In una intervista del 25 maggio rilasciata a China.org.cn, Xu Ling, general manager dell’ IDMT, ha detto che la compagnia detiene i diritti del film e che la visione nei cinema era programmata per giugno ma vista la grande portata di un evento come i Campionati del Mondo di calcio in Germania si e’ pensato che l’audience sarebbe stata senza dubbio minore. Riguardo il perche’ di una prima visione in Cina, Xu ha spiegato che e’ stato difficile trovare a Hollywood un distributore che non domandasse troppo. Stando a Xu, le grandi compagnie di Hollywood che l’ IDMT ha avvicinato non volevano comprare
il film senza aver carta bianca su dove, come e quando distribuire il prodotto. L’ IDMT alla fine ha deciso di fare uscire il film prima in
Cina, seguendo le orme di altre produzioni cinesi come quelle dei film “Hero” e “The Promise”. I creatori di “Thru the Moebius Strip” sono
consci che non e’ esattamente cio’ a cui e’ abituata l’audience cinese: vi e’ distintamente un plot non cinese del genere di “Guerre Stellari” e “Il Signore degli Anelli”. Il fatto che non sia una storia tipicamente cinese ha detto Xu che e’ una motivazione legata al business. “Siamo una compagnia indipendente, e non abbiamo mai fatto prima qualcosa di questo genere” e ha aggiunto “Dobbiamo considerare i rischi. Le storie cinesi non vendono bene a livello internazionale.
Inoltre il mercato domestico e’ cosi’ piccolo che sapevamo di aver bisogno di una storia che potesse funzionare in tutto il mondo. La storia doveva essere globale.” Comunque alcuni elementi caratteristici sono stati aggiunti per dare un pizzico di atmosfera cinese, una tecnica che Xu ha detto essere stata presa dal guru dell’anime giapponese Hayao Miyazaki. Xu ha aggiunto:”Abbiamo imparato qualcosa da “Final Fantasy: The Spirits Within” e non vogliamo ripetere il suo fallimento. Capiamo la distanza tra i grandi narratori e noi. Ognuno ha il suo punto di vista, quindi aspetteremo la risposta del pubblico
per dire se abbiamo fatto le scelte giuste.” Le allusioni di Xu trovano eco in Yan Kai, uno dei pionieri del fumetto cinese moderno nonche’ alla guida dello storyboard del film:”Onestamente parlando, non sono del tutto soddisfatto del film perche’ penso che potevamo fare meglio” (China.org.cn 30 maggio) “Ma non importa, il film vive, cammina e inizia pure a correre. Malgrado diversi difetti, penso sia una vittoria. Puo’ qualcuno non amare suo figlio? Saro’ felice anche se non soddisfatto”. Yan ha detto che nelle prime fasi di produzione il problema maggiore e’ stata la mancanza di una guida, cosicche’ il team lavorativo ha dovuto trovare la sua strada trasversalmente. “Quando i veterani stranieri e professionisti hanno elogiato il nostro lavoro, e’ stato per me un momento di forte orgoglio.”
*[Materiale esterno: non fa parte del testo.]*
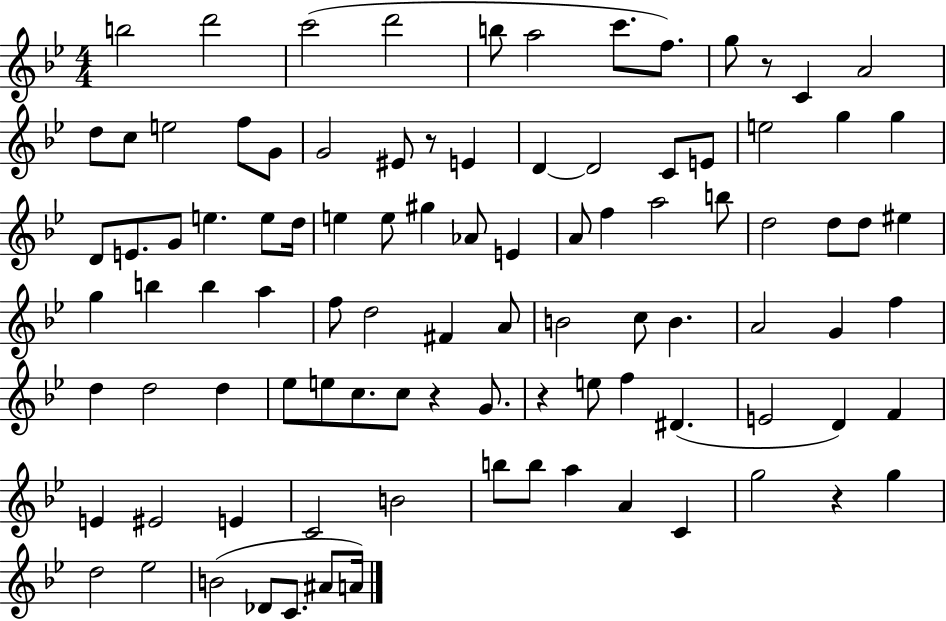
X:1
T:Untitled
M:4/4
L:1/4
K:Bb
b2 d'2 c'2 d'2 b/2 a2 c'/2 f/2 g/2 z/2 C A2 d/2 c/2 e2 f/2 G/2 G2 ^E/2 z/2 E D D2 C/2 E/2 e2 g g D/2 E/2 G/2 e e/2 d/4 e e/2 ^g _A/2 E A/2 f a2 b/2 d2 d/2 d/2 ^e g b b a f/2 d2 ^F A/2 B2 c/2 B A2 G f d d2 d _e/2 e/2 c/2 c/2 z G/2 z e/2 f ^D E2 D F E ^E2 E C2 B2 b/2 b/2 a A C g2 z g d2 _e2 B2 _D/2 C/2 ^A/2 A/4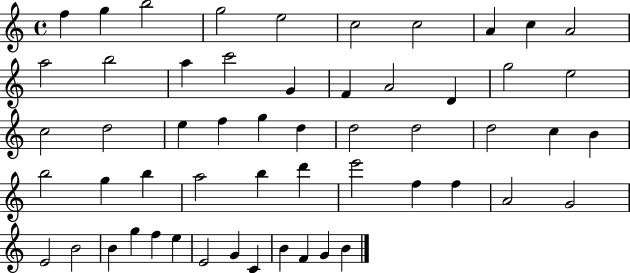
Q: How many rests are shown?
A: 0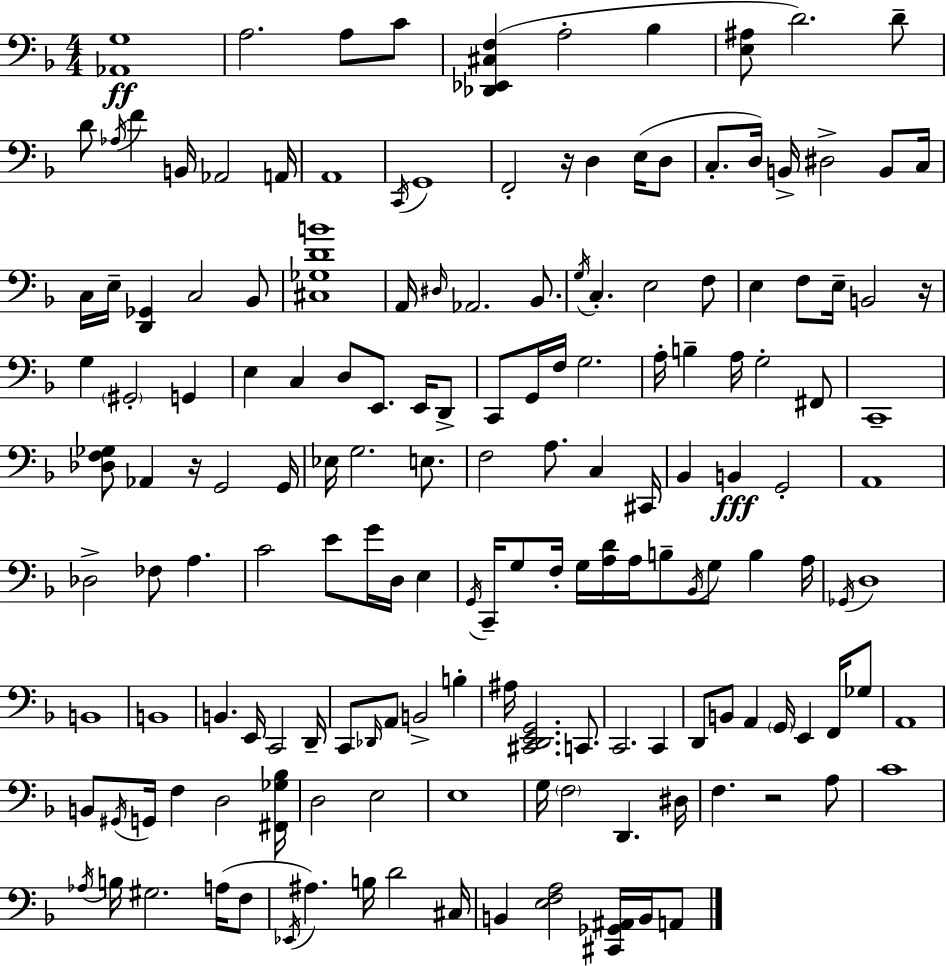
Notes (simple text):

[Ab2,G3]/w A3/h. A3/e C4/e [Db2,Eb2,C#3,F3]/q A3/h Bb3/q [E3,A#3]/e D4/h. D4/e D4/e Ab3/s F4/q B2/s Ab2/h A2/s A2/w C2/s G2/w F2/h R/s D3/q E3/s D3/e C3/e. D3/s B2/s D#3/h B2/e C3/s C3/s E3/s [D2,Gb2]/q C3/h Bb2/e [C#3,Gb3,D4,B4]/w A2/s D#3/s Ab2/h. Bb2/e. G3/s C3/q. E3/h F3/e E3/q F3/e E3/s B2/h R/s G3/q G#2/h G2/q E3/q C3/q D3/e E2/e. E2/s D2/e C2/e G2/s F3/s G3/h. A3/s B3/q A3/s G3/h F#2/e C2/w [Db3,F3,Gb3]/e Ab2/q R/s G2/h G2/s Eb3/s G3/h. E3/e. F3/h A3/e. C3/q C#2/s Bb2/q B2/q G2/h A2/w Db3/h FES3/e A3/q. C4/h E4/e G4/s D3/s E3/q G2/s C2/s G3/e F3/s G3/s [A3,D4]/s A3/s B3/e Bb2/s G3/e B3/q A3/s Gb2/s D3/w B2/w B2/w B2/q. E2/s C2/h D2/s C2/e Db2/s A2/e B2/h B3/q A#3/s [C#2,D2,E2,G2]/h. C2/e. C2/h. C2/q D2/e B2/e A2/q G2/s E2/q F2/s Gb3/e A2/w B2/e G#2/s G2/s F3/q D3/h [F#2,Gb3,Bb3]/s D3/h E3/h E3/w G3/s F3/h D2/q. D#3/s F3/q. R/h A3/e C4/w Ab3/s B3/s G#3/h. A3/s F3/e Eb2/s A#3/q. B3/s D4/h C#3/s B2/q [E3,F3,A3]/h [C#2,Gb2,A#2]/s B2/s A2/e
Come “Thru the Moebius Strip” si comportera’ al box-office e’ una domanda di tutti. L’ultima animazione di successo e’ stata “Lotus Lantern” che ha incassato al botteghino circa 100 milioni di yuan (12.5 milioni di US$) nel 1999. Xu ha detto “Se ce la facciamo, il successo garantira’ una storia cinese per il nostro prossimo progetto”. In ogni caso ha anche ammesso che l’animazione fatta con computer graphics e’ costosa percio’ il team esplorera’ nuove tecnologie, approcci e trame, per fare qualcosa di cui e’ in grado. Xu ha riferito che la IDMT e’ ambiziosa e che non vuole solo essere una casa di produzioni ma anche supervisionare ogni aspetto del processo, incluse la promozione, la distribuzione e il marketing. “Thru the Moebius Strip” fara’ la sua comparsa in Cina sui grandi schermi il 4 agosto.